[[ Materials provided open ]]

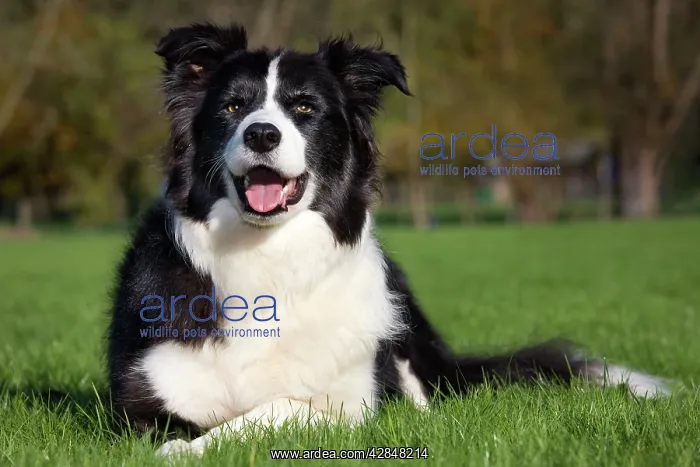  : Dog - Border Collie sitting down in garden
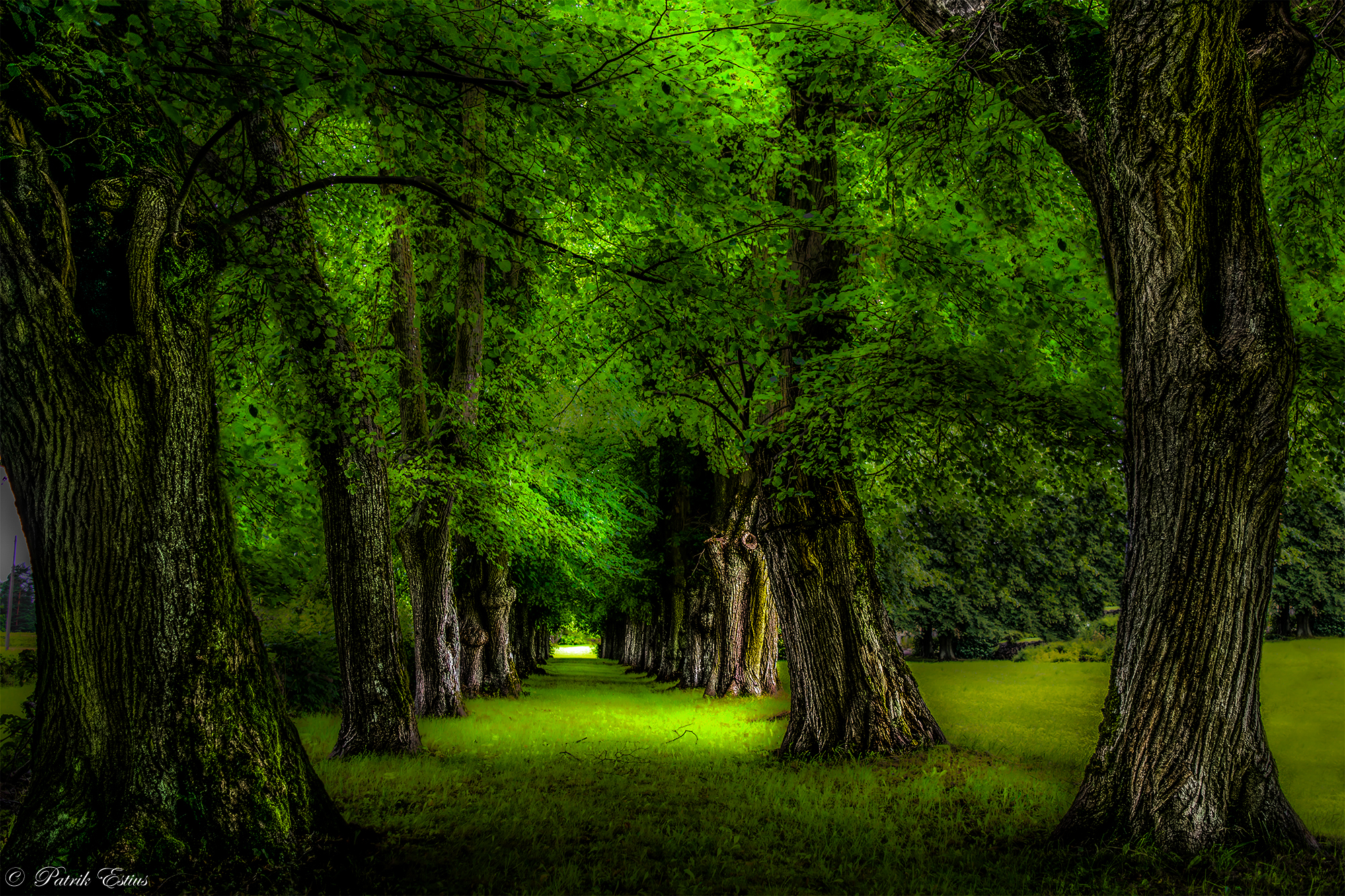 Earth Green Park Path Tree Tree Lined 2000x1333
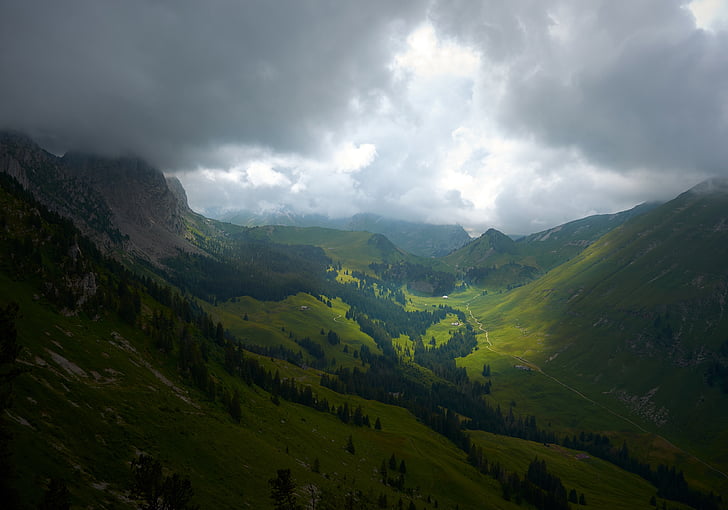 Foto, zelená, stromy, Hora, Highland, tráva, krajina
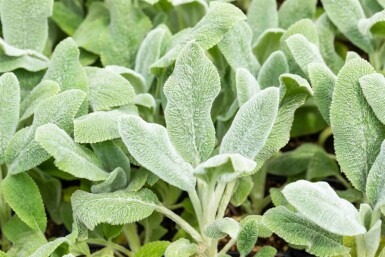Stachys byzantina 'Silver Carpet'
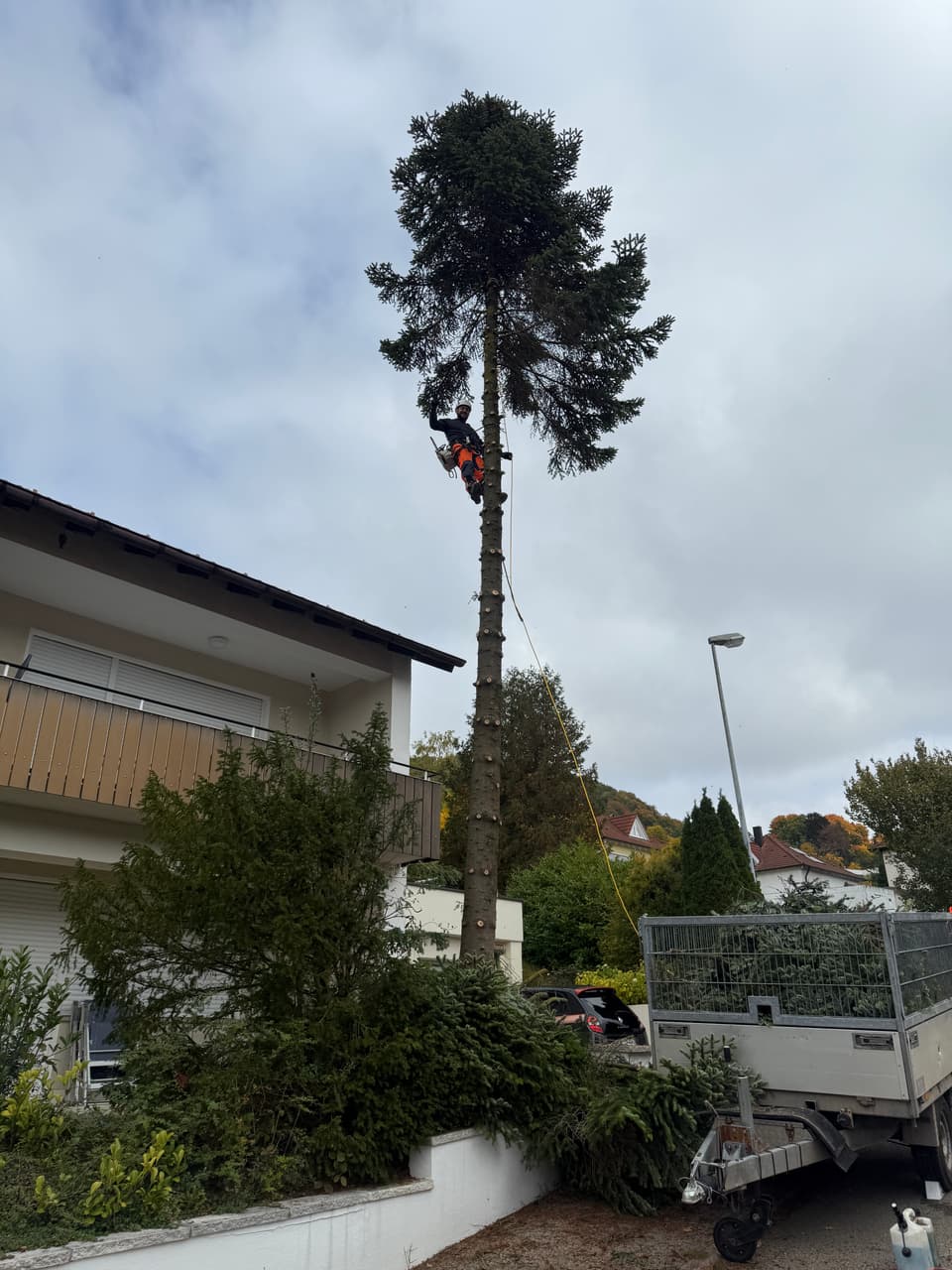 DI Baumpflege und Gartenbau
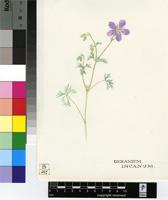 Geranium incanum Burm.f.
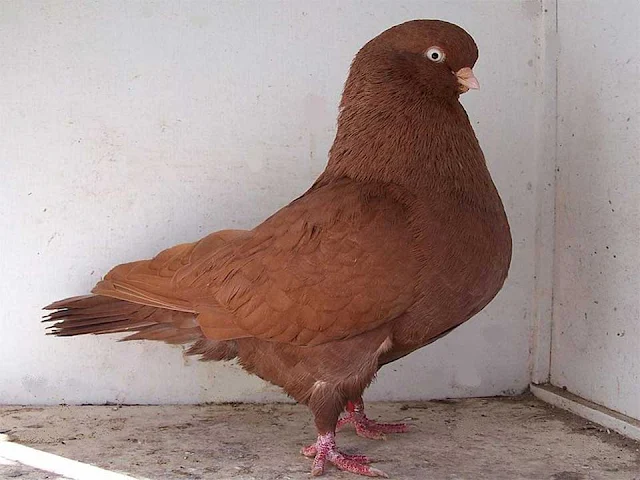 pigeon, domestic pigeon, carrier pigeon, Red Australian Performing Tumbler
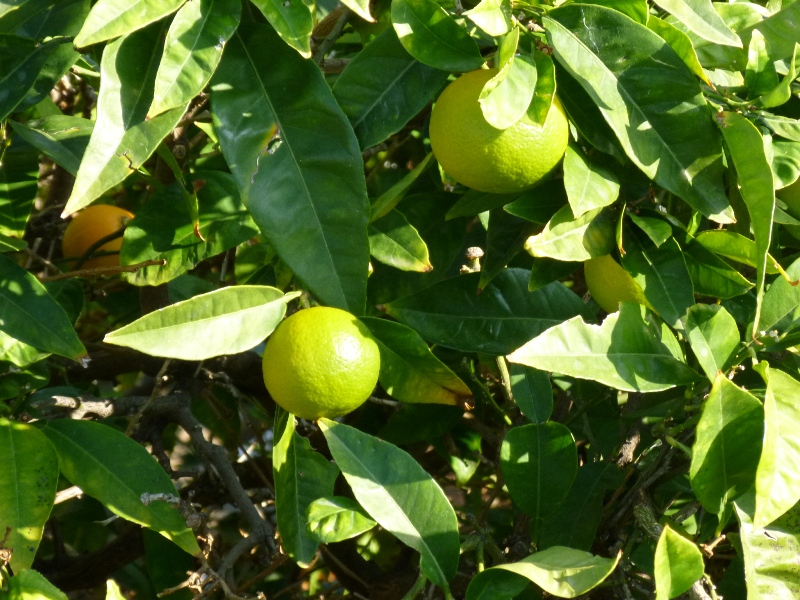 P1000077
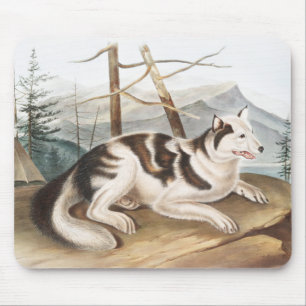 Alfombrilla De Ratón Ilustracion Hare Indian Dog (Canis familiaris)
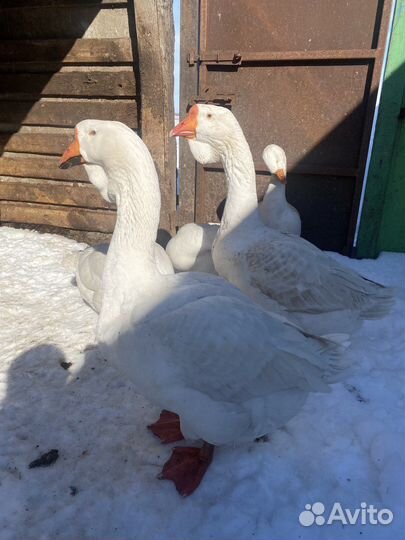 Гуси холмогорские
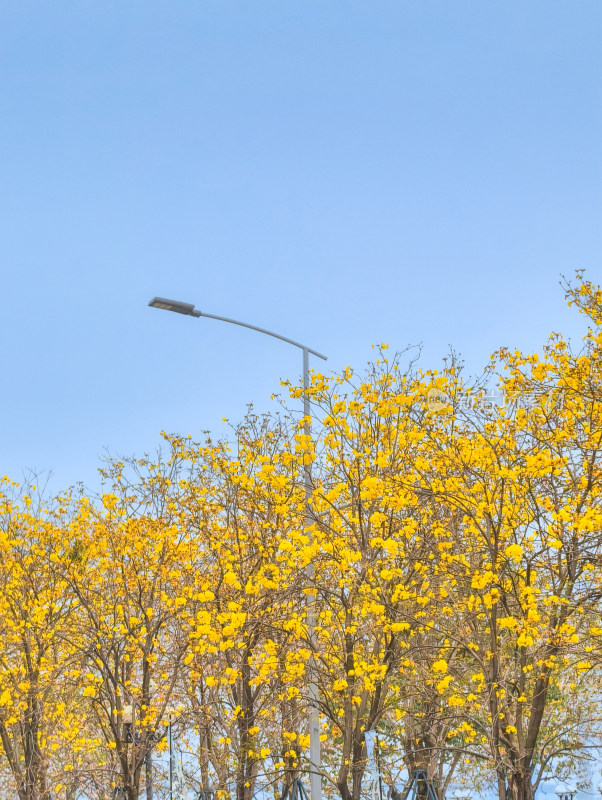 城市街道盛开黄花风铃木景象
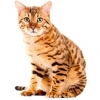 https://www.americanbreeder.com/images/com_adsmanager/categories/630cat_t.jpg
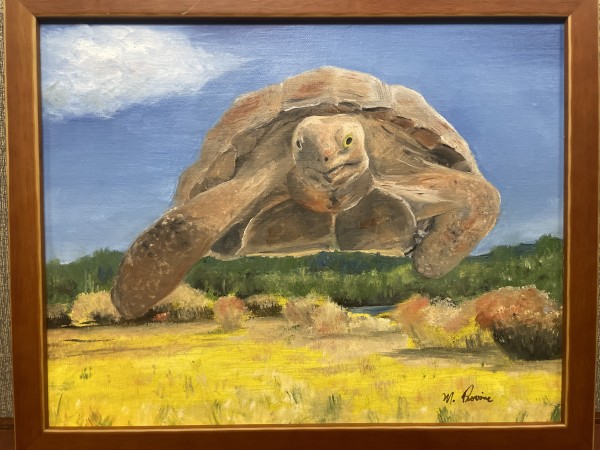 Conquering Tortoise by Marie Provine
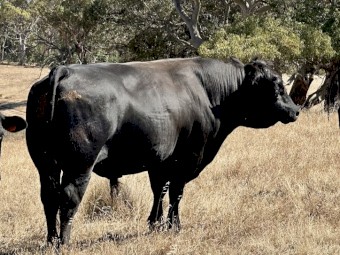 Bull of sale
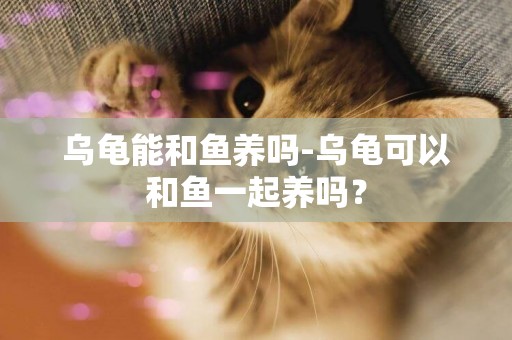 烏龜能和魚養嗎-烏龜可以和魚一起養嗎？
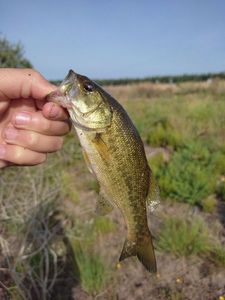 Smallmouth Bass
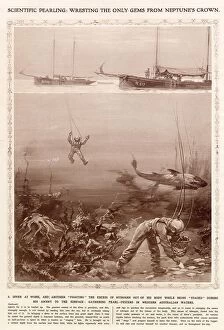 Pearls Collection: Divers gathering pearl-oysters in Western Australia waters. The diver in the background is being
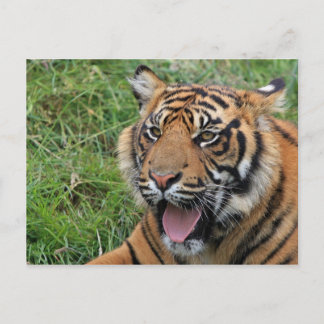 Carte Postale Tigre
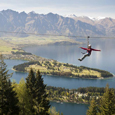 Ziplining Tour in an Ancient New Zealand Forest
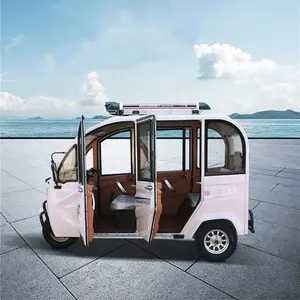 Manufacturer Price Electric Trike Enclosed 5 Doors 3 Wheel Delivery Car With Low Price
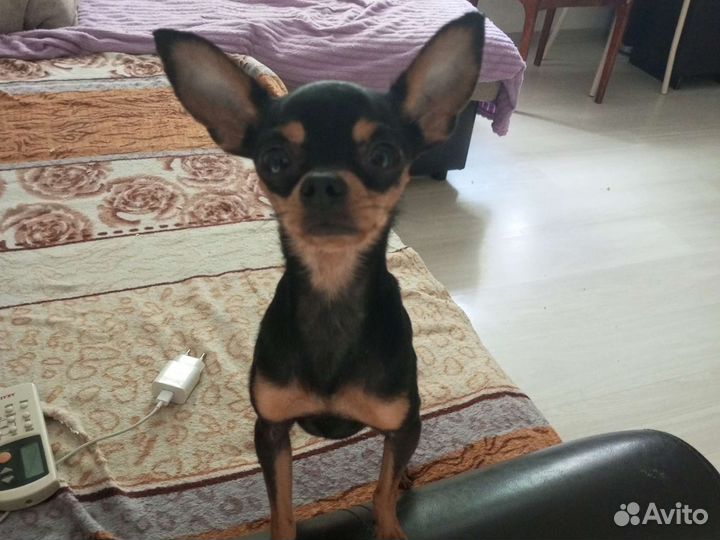 Вязка той терьера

[[ Materials provided closed ]]

Instructions for the task — Working from the data above, repeat exactly, and only, the lines that begin at the line containing "DI Baumpflege und Gartenbau" and stop after the line containing "Conquering Tortoise by Marie Provine"; pictures are not copied.

Task response —
 DI Baumpflege und Gartenbau
 Geranium incanum Burm.f.
 pigeon, domestic pigeon, carrier pigeon, Red Australian Performing Tumbler
 P1000077
 Alfombrilla De Ratón Ilustracion Hare Indian Dog (Canis familiaris)
 Гуси холмогорские
 城市街道盛开黄花风铃木景象
 https://www.americanbreeder.com/images/com_adsmanager/categories/630cat_t.jpg
 Conquering Tortoise by Marie Provine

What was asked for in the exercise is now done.